L'absence du pin's « Marie de Bordeaux » sur sa veste, symbole de son rôle de maire, a marqué ce moment historique. Céline Tardieu, journaliste à Sud Ouest, a rapporté que cette décision symbolisait un tournant important dans sa carrière politique.
Lors de son intervention, Pierre Hurmic n’a pas simplement dressé un bilan. Il a évoqué son intention de quitter le conseil municipal, bien qu'il n'ait pas précisé quand. "Je n'ai pas encore pris date pour démissionner, mais je pense pouvoir être plus utile à ma ville ailleurs que dans ce conseil", a-t-il déclaré, tout en promettant de rester engagé pour Bordeaux.
En passant en revue son héritage, Hurmic a affirmé que la ville, en tant que première échelle de gouvernance, est essentielle pour impacter réellement la vie des citoyens. Il a insisté sur le besoin d'un renouveau politique ancré dans le pragmatisme et l'engagement envers les territoires, à une période où les enjeux environnementaux sont primordiaux.

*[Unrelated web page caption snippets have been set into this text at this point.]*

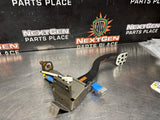 04-06 Pontiac GTO Clutch Pedal Assembly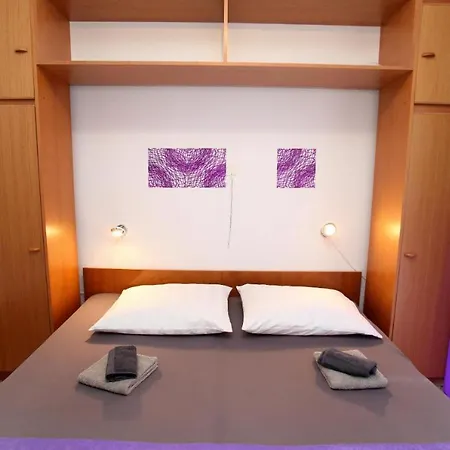 Pansion Rozi Bed & Breakfast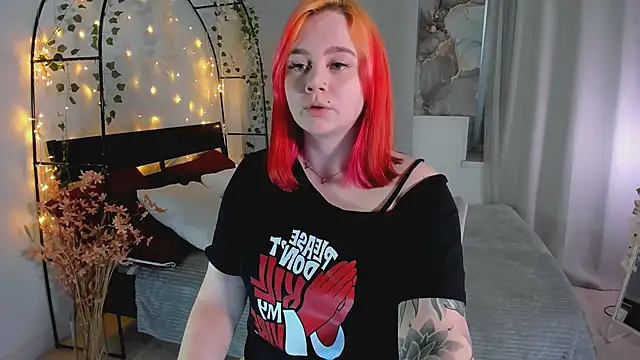 lunaalli online show from April 14, 1:44 pm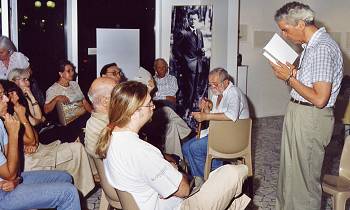 SALA ESPOSITIVA AIAT
il prof. Fulvio Salimbeni intrattiene
il pubblico con una lettura di Biagio Marin.
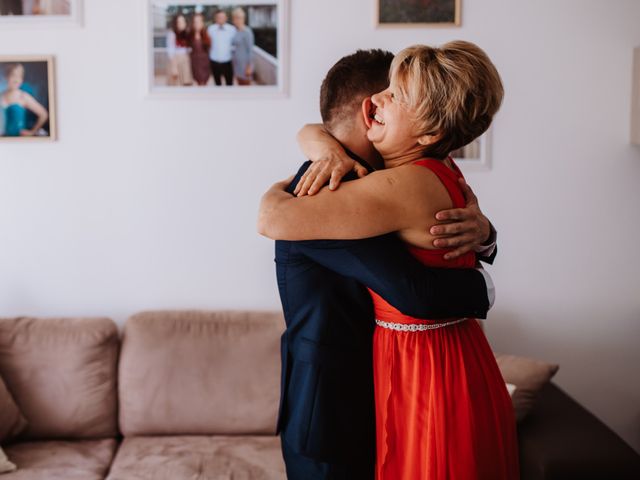 Il matrimonio di Dorin e Valentina a Fermignano, Pesaro - Urbino 3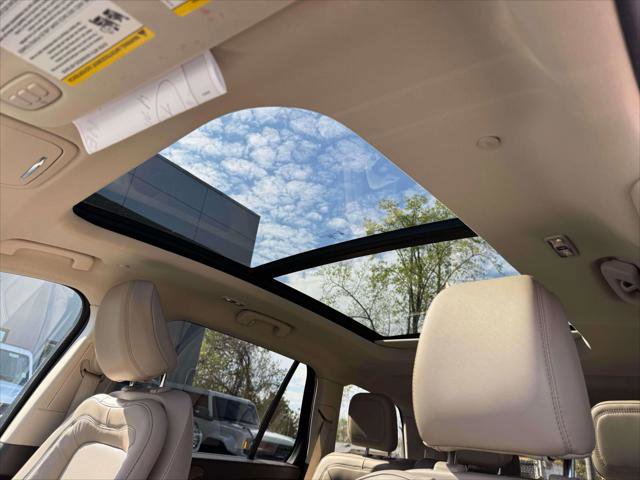 Used 2023 Lincoln Aviator Reserve w/ Elements Package Plus AWD/4WD image 20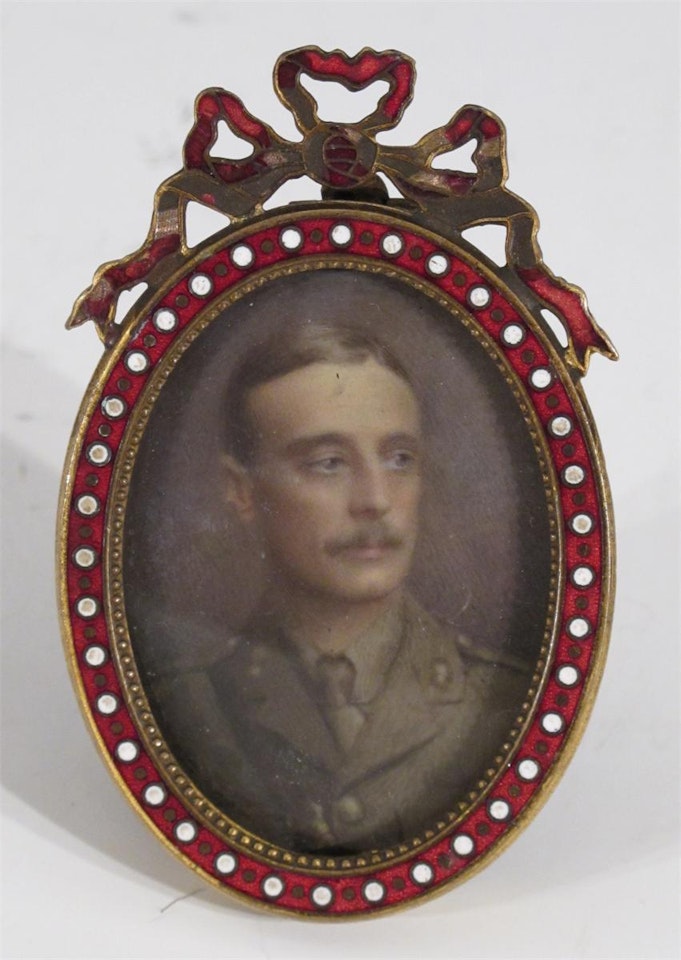 WW1 infantry officers by English School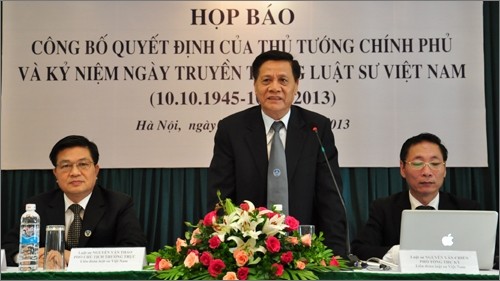 越南律师联合会领导人回答记者提问。 (Photo: 图片来源：VOV)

"Bordeaux doit continuer d'aller de l'avant et ne pas tomber dans la régression", a-t-il exprimé avec conviction, soulignant l'importance d'une écologie pragmatique. Il a également fait part de sa fierté pour les initiatives qu’il a lancées au cours de son mandat, qu'il décrit comme des "touches impressionnistes" ayant redéfini la ville.
En réfléchissant à son parcours, il a partagé : "Le nouveau maire de Bordeaux pourrait choisir d’ignorer certaines de mes actions, mais le sillon est déjà tracé. La ville a les moyens de se confronter à l'urgence climatique, et je veillerai pour que celle-ci reste engagée sur ce chemin".
Dans une dernière recommandation à son successeur, il lui a conseillé de "se démacroniser", espérant qu’il poursuivra une gestion indépendante des politiques parisiennes, en restant axé sur les besoins des Bordelais.
Cette démarche de départ souligne non seulement un changement de leadership mais également l'évolution d'une ville qui continue de se réinventer. Les réflexions de Pierre Hurmic, palpables et belles, rappellent à tous l'importance d'un engagement désintéressé pour la chose publique.